Fuckers like Cooke wouldn’t understand that. He suspected Cooke would sneer and deride that kind of quaint notion. He suspected Cooke didn’t care a flying shit for what was right. Because people like him cared about only one thing: themselves — making money, selling advertising space, hitting the ratings, selling sneakers, nailing a prospect, ID-ing a demographic.

People like Cooke were filthy fucking whores.

Fuck him.

When Shepherd gave him the nod that it was time, he was going to make the bastard understand what it feels like to see everything you value chipped away. He was going to make that bastard squirm before he died.

CHAPTER 66

1 November, 1856

Ben scrambled through the snow, tripping and tumbling into virgin drifts that had fallen since he’d last headed this way, over a week ago. It felt like a lifetime had passed since he and Sam had stumbled upon the place, along with Preston and Vander. He was sure he was heading in the right direction, though — uphill and drifting to the right. He passed the twisted and dying trunk of a leafless cedar, a tree he had unconsciously registered on that day as they’d been foraging for firewood. The greying afternoon pall beyond its splayed black branches and twigs urged him to hurry on: time was running out. The short day had already been showing signs of waning as he’d stumbled out of the camp; there was perhaps just another hour of light to make use of.

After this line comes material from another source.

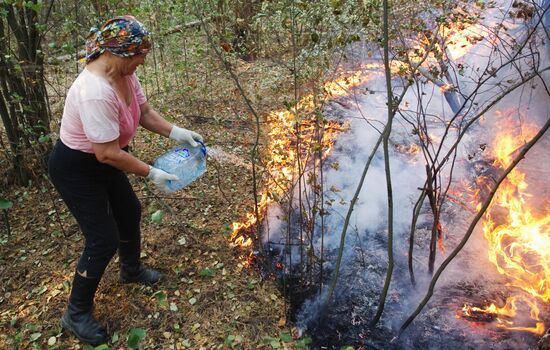 Fighting forest fire in Moscow Region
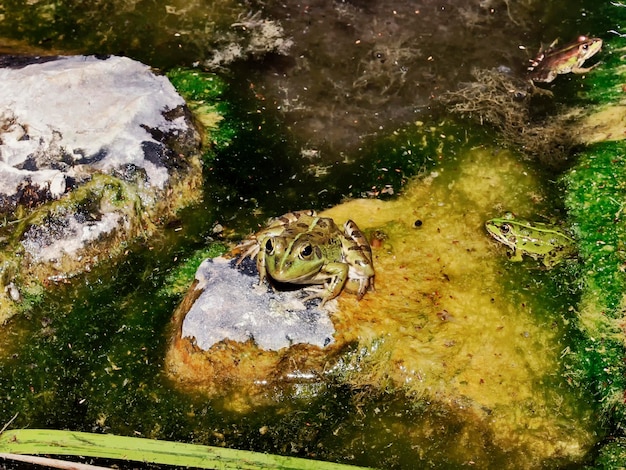 Ziemlich schmutziger Fluss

Keep your wits about you. Preston’s out here somewhere.

Perhaps he was already at the hunter’s shelter.

Doing what?

He could only guess, but he was certain that was where Preston was headed. His mind played snapshot images of the man preparing to kill once more; donning some crudely made demonic disguise to drive his people into a heightened frenzy of fear and panic.

Ben stopped to check once more that the long barrel of his Kentucky rifle wasn’t plugged with snow, that it was ready to fire immediately should he stumble upon Preston.

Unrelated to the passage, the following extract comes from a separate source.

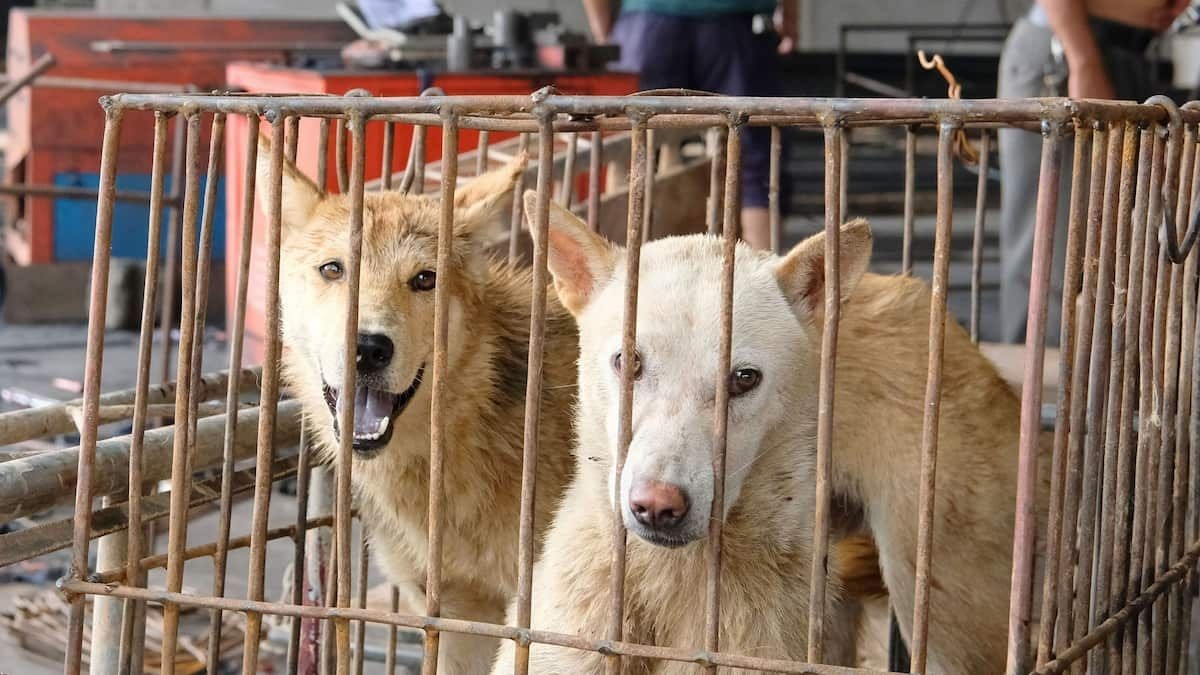 維新の会「国際的に犬猫を食べるのは禁止する流れなのになぜ日本では食べ続けてるのか」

‘I need to be ready for him,’ he muttered.

He struggled another fifteen minutes in the direction he hoped the shelter lay and then a recognisable slope in the ground rose out of the gathering gloom. He scaled it as quietly as he could, dropping down to his haunches as he reached the brow and looked down into the dip, towards the shelter. He breathed as quietly as he could, his rifle raised, squinting down the barrel, and fully prepared now to fire at Preston on sight.

But there appeared to be no movement down there. It was silent and still.

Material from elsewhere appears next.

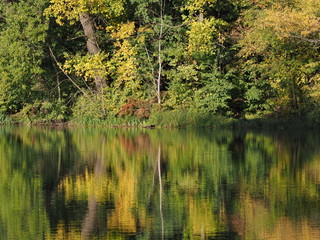 Beauty landscape of trees reflected in water at Wilanow park in european Warsaw capital city in Poland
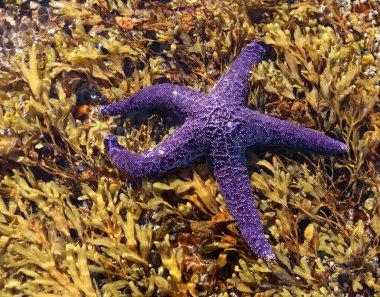 Mauve star fish in seaweed in the pacific ocean in Nanoose on Vancouver Island clipart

He took several cautious steps down the shallow slope towards the shelter, listening intently for movement coming from within it.

Nothing.

He moved across the clearing, his gun trained on the ragged flap over the entrance. Every now and then the slightest innocent stir of movement in the woods — a breeze, the sloughing hiss of snow off a branch — triggered a panic-ridden three-hundred-and-sixty-degree whirl from him.

Stay calm.

There was no sign of Preston here, not outside. And not the slightest sound from within. He was about to concede that his suspicions had been ill conceived, that the Mormon leader might merely have left the camp to seek solitude, perhaps to pray — when his eyes flagged an incongruous detail. It took another second for his mind to understand what they had picked out. He strode towards the shelter.

Along the wall, hanging from lumber nails, was that curious assortment of skulls, cleaned and bleached white by the hunter’s hand long ago. They hung in no particular order, in no particular pattern, the hunter’s trophies, a proud proclamation of his skills as a trapper and a hunter. Close to the wall, he could see what it was that had caught his attention, not so obvious across the clearing but much more so now.

He spotted a faint outline against the weathered wood of the wall, and a single nail protruding. One of the larger skulls had been removed.

When?

He tried to recall whether there had been this gap in the row the last time they had come up here to this desolate spot. But his mind, like everyone else’s that day, had been on the bodies.

He took a step back and felt something brittle crack beneath his feet. In the muted silence the noise startled him. Under several inches of new snow that had drifted against the bottom of the wall, the toe of his boot had found something hard and sharp. Ben knelt down and quickly brushed the powder aside.